Abdul Rashid, Backrub, and now, Intermiles

I remember picking our daughter’s middle name just on deadline. It was an intense research program to find names that were beautiful, meaningful, usable and that would travel well. In the corporate world logos have declining value, which smart companies realize – Facebook just changed its corporate logo to, well, FACEBOOK. (The era of the million-dollar logo is at an end!)

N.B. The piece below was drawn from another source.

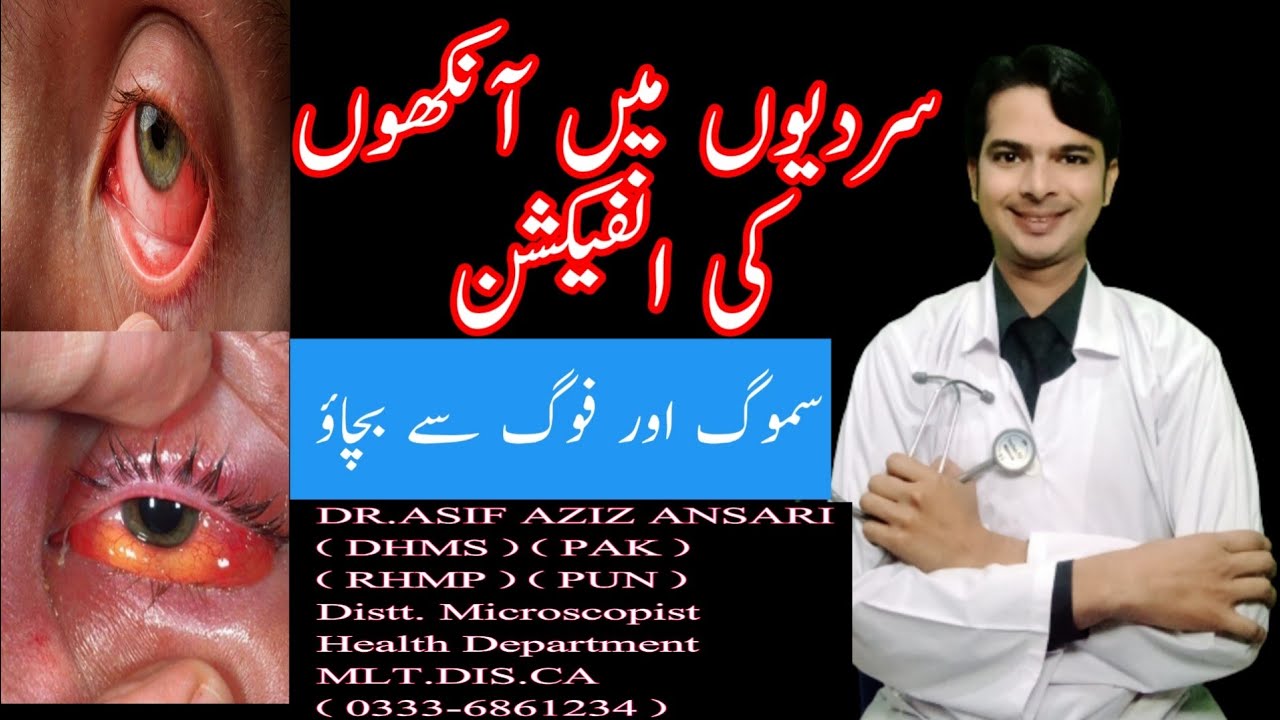 Eyes Infection in Winter Treatment with Homeopathic Medicine in Urdu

But what about names? Intermiles is an inoffensive bland name, but the big story is that it is the erstwhile loyalty program of the now-defunct Jet Airways rebranding and relaunching itself as a travel rewards card. While it earlier wanted to you to have loyalty to the airline, now it wants you to have loyalty to itself. Intermiles rewards you for travel, stay, shopping, and using co-branded cards. In its new avatar competitors would be online travel aggregators like MakeMyTrip. Is it a lucrative space? The financials of incumbents would say otherwise. Will people pay for an amazing customer experience? Yes, a premium is possible, as Amazon and American Express have proven.

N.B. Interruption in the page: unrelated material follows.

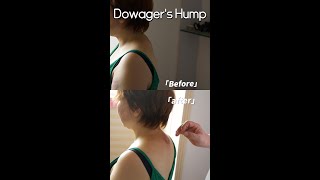 Fix Dowagers Hump via Acupuncture [upl. by Sinnaoi]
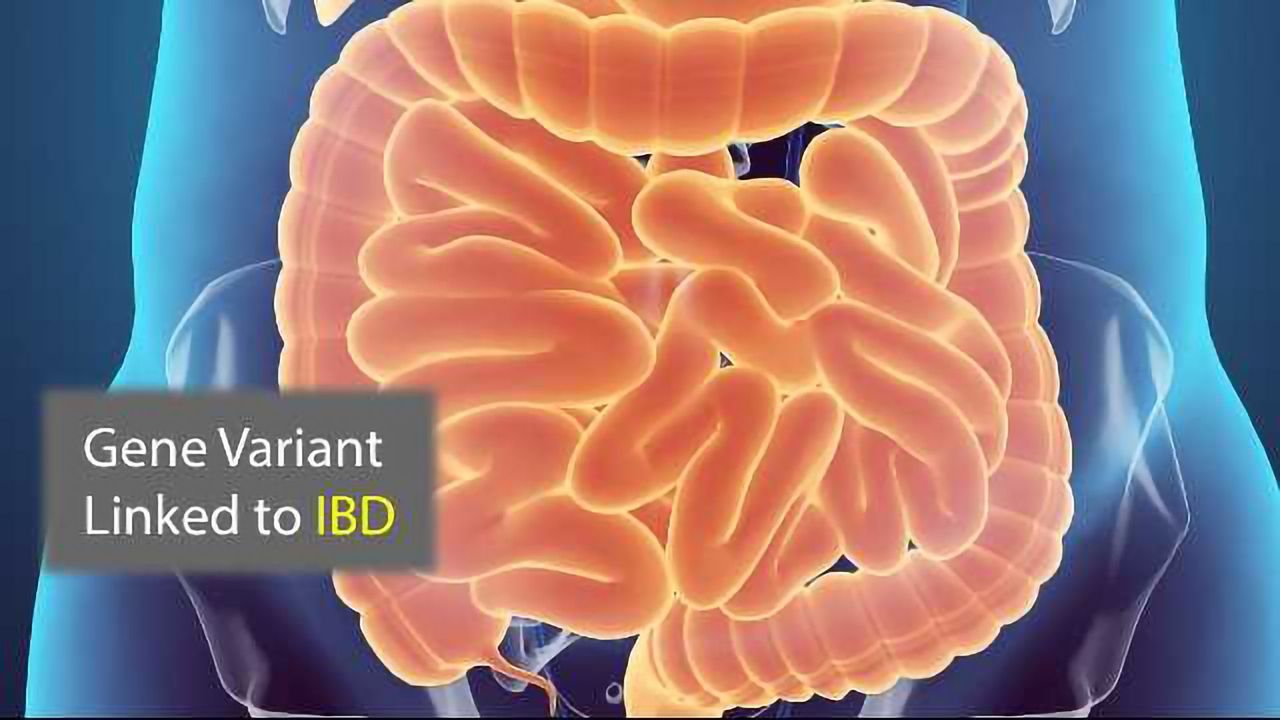 Protein Recycling Plant Malfunctions in Inflammatory Bowel Disease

I was listening to a podcast by Joe Pine, the author of a book, The Experience Economy, and he mentions that there are two types of customer experiences – “time well-spent” and “time well-saved”. In either context, you charge the customer for their time – spent or saved. Most connected experiences consist of customizing a disparate set of commoditized offerings to provide something unique to the customer. Why is this so hard?  Because you have to crunch data about each customer and then curate an omni-channel, omni-provider experience that they value. You have to manage a large eco-system of providers in real-time and crunch their data too. It’s a Jeeves meets Sheldon Cooper scenario.

How can you put together such an experience? I’d strongly suggest our article on how to build a modern customer experience created for Let’sTalkCx in association with Oracle. This is the era of the CX land-grab – if you don’t own your customer loyalties someone else will.  And once an Amazon, Netflix, Swiggy, Uber, or American Express shows them how to spend their time meaningfully, they won’t be satisfied with the old ways any more.